Jonathan Carroll's Glass Soup

Jonathan Carroll's White Apples and its follow up, Glass Soup, tells the story of Vincent Ettrich and Isabelle Neukor. White Apples begins with Vincent Ettrich still moving through the routines of his daily life with the growing awareness that he's recently died. Isabelle, his soul mate and lover, brought him back to life, hence his somewhat disoriented wandering of the streets of Vienna. White Apples narrates their reunion and the significance of their unborn child, Anjo, not only to their personal lives, but to the very fabric of existence. In these novels Carroll presents a universe continually expanding in big bangs then contracting back into singularities in repeated cycles, a differently configured universe brought into being with each big bang.

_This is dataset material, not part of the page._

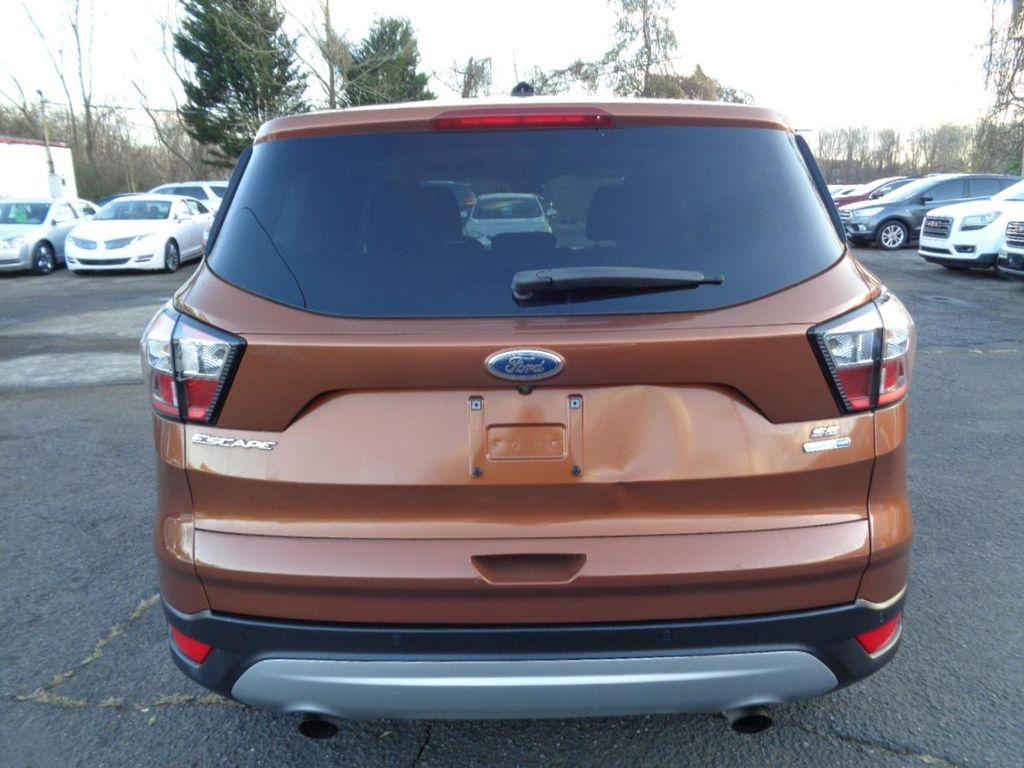 used 2017 Ford Escape car, priced at $6,400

Everything that exists has its place in the universe, which for these novels Carroll has conceived of as a grand mosaic; once everything has taken its place in the Mosaic, the universe begins its contraction again.

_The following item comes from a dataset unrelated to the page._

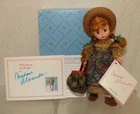Madame Alexander 8" ANNE at the Station 260417 DOLL w/ Handbag Bag Hat & Box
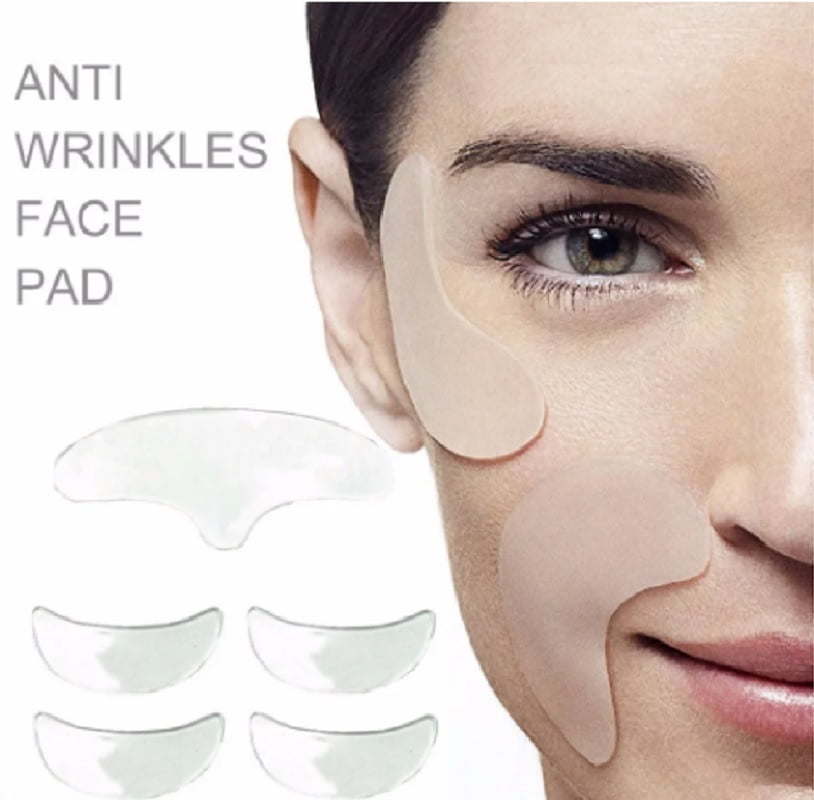 Αυτοκόλλητα-Επιθέματα-Προσώπου-Anti-Wrinkles-Face-Pad-Paches.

In the current configuration of the universe the principle of Chaos has taken on a conscious mind and personality and likes it that way, so is attempting to stop the completion of the Mosaic to freeze the expansion of the universe in its current configuration. Vincent and Isabelle's child will be the one who finally defeats Chaos, so Chaos is seeking to destroy both parents and the child. In White Apples Vincent and Isabelle are reunited and thwart Chaos's attempt to destroy or damage their unborn son, while Glass Soup continues the story with Chaos's attempt to permanently separate Vincent and Isabel, ending with Anjo's birth.

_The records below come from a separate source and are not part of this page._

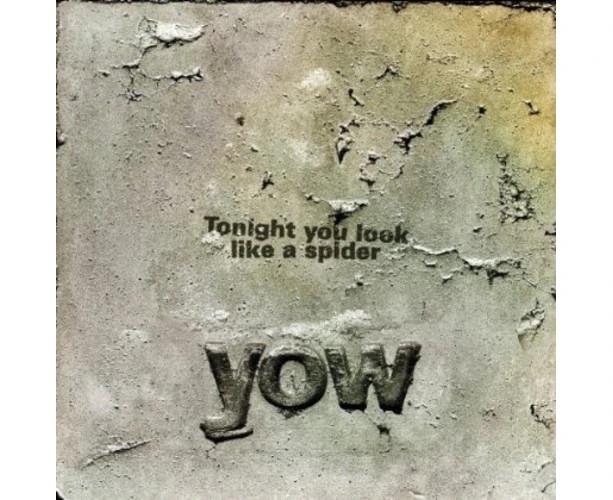 David Yow - Tonight You Look Like a Spider  [COMPACT DISCS] USA import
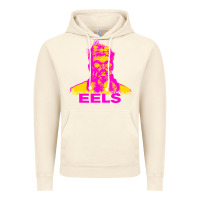Vintage Artic eels artist müsïc Vintage Hoodie - linhVisuals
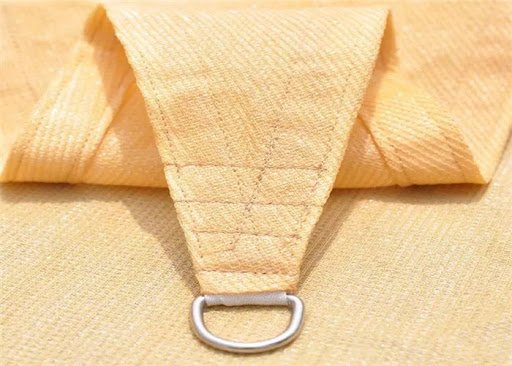 Rectangle SunSails Breathable
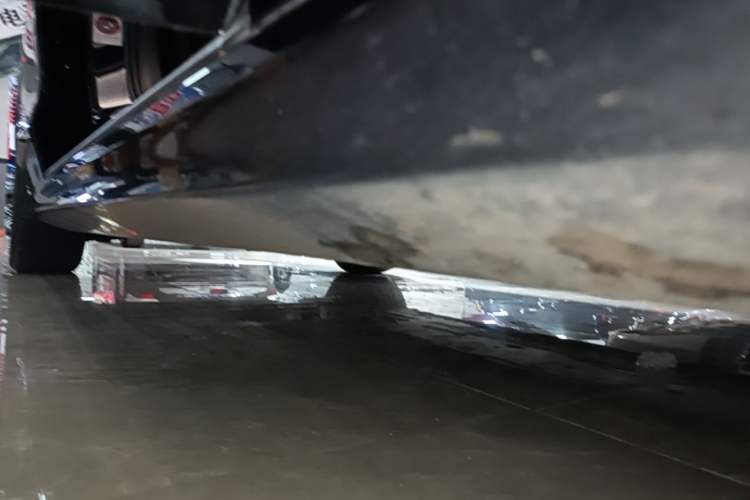 Used Volvo S90 2021 B5 Zhiyuan Luxury Edition Right Side Sill
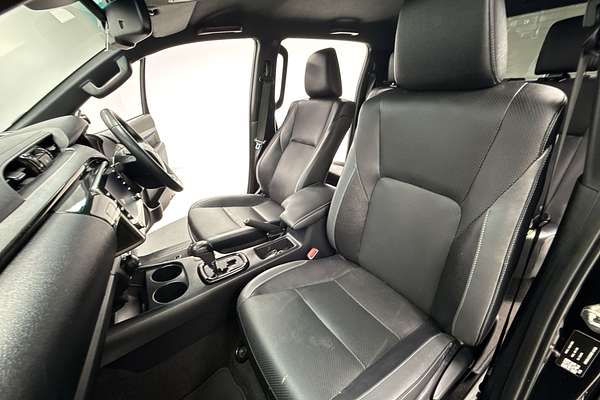 2021 Toyota Hilux Rogue GUN126R 4X4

Carroll's bizarre plot places the White Apples trilogy (Carroll plans a sequence of three books to develop this story) well outside any established genre, but his writing is perhaps best understood as a type of magical, or even supernatural, realism. However, in consideration of western mythology and the gnostic/hermetic tradition that developed from it, this story isn't so bizarre after all. Athena sprang from Zeus' head, emanating from Zeus, much like Chaos has sprung from the universe fully conscious. In many gnostic religions the universe has actually been created by divine emanations rather than God, these emanations being embodiments of divine moods or personality traits. In the hermetic tradition the universe is something like God's body and also follows vast cycles of expansion and contraction. This universal/divine cycle of expansion and contraction finds its highest philosophical expression in Hegel's philosophy of history, and its best known materialist/scientific expression in the Big Bang theory.

Carroll, deliberately or not, appropriates these ancient traditions to reveal the contours of the human heart -- not unlike English Romantics such as William Blake and Percy Shelley. These novels tell, first and foremost, a love story between Vincent and Isabelle. The tensions between chaos and control, the willingness to love the current form of the universe while maintaining openness toward its eventual demise, are all analogs of romantic love: what preserves it, what kills it, what makes it grow. Carroll maps our real lives, our emotional lives, onto a fantastic landscape. His books are our hearts writ large. Only the imaginative can comprehend the insights provided by such imaginative work. If you're not used to this type of writing, try it...but with an open mind.